I’m taking a c++ class with nanodaughter thanks to Zoom.
#include <iostream>
#include <vector>
#include <string>
using namespace std;
int main()
{
vector<string> msg {"Hello", "C++", "World", "from", "VS Code", "and the C++ extension!"};
for (const string& word : msg)
{
cout << word << " ";
}
cout << endl;
}
and this
#include <iostream>
#include <vector>
#include <string>
using namespace std;
int main()
{
vector<string> msg {"Hello", "C++", "World", "from", "VS Code", "and the C++ extension!"};
for (string word : msg)
{
cout << word << " ";
}
cout << endl;
}
have the same output. What’s the difference? What’s the point of the “string&” in the for statement? The first way is from the Visual Studio installation hello world example and I was trying to figure out what the point (no pun intended - I believe it has to do with pointers) is if the seemingly more straightforward way does the same thing.
My wife just applied to her first back end bootcamp. Nervous and excited for her
Yikes start with python or javascript
I’m used to C so that just looks like syntactic sugar to me. But it has to do with how your program allocates and references memory. Look up “pass by reference vs pass by value”
Here is a good SO thread:
Pass by reference means your function (in this case the for loop) has a pointer to the variable instance supplied as the argument “word”. So any changes you make to that variable will be reflected to any other code that accesses the instance.
Pass by value means your function has a copy of the variable. So you can mutate it all you want w/o worrying about side effects.
Sometimes you want the first thing, sometimes the second. Although some purists will argue that a function should never mutate an argument. I tend to agree that that mutating arguments should be avoided if possible - as it makes for convoluted code. In your case it doesn’t make a difference because you’re not mutating the argument “word”.
Try changing the “word” variable in your for loop in each case (word = word + “x” - or whatever the syntax is in C++). Actually the const keyword prevents you from doing that, so you may need to remove it to see this demo. After the for loop, spit out the vector “msg”. Unless C++ is weirder than I remember, msg should be unchanged for pass by value, but changed for pass by reference.

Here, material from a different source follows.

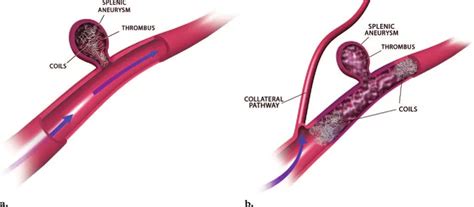 Splenic Artery Embolization (SAE) – Dr Konika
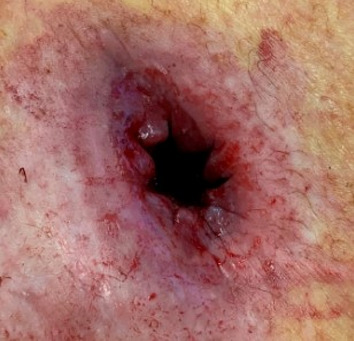 graphic file with name 464_2022_9337_Figal_HTML.jpg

Java, Javascript and C# just decide for you. If the argument is an object, it’s pass by reference. If the argument is a primitive, it’s pass by value. (primitive = int, string, float, double, boolean, etc)
Nanodaughter is taking C++ (just started college intending to be a CS major and it is required - weirdly they put python after C++, she took an AP class that did javascript). I’m going to take the course with her.
If she struggles with pointer vs. copy - you might try explaining it like this:
If I send you an email with a word document attached, you have a copy of my word doc. You can edit it all you want and it won’t affect my original.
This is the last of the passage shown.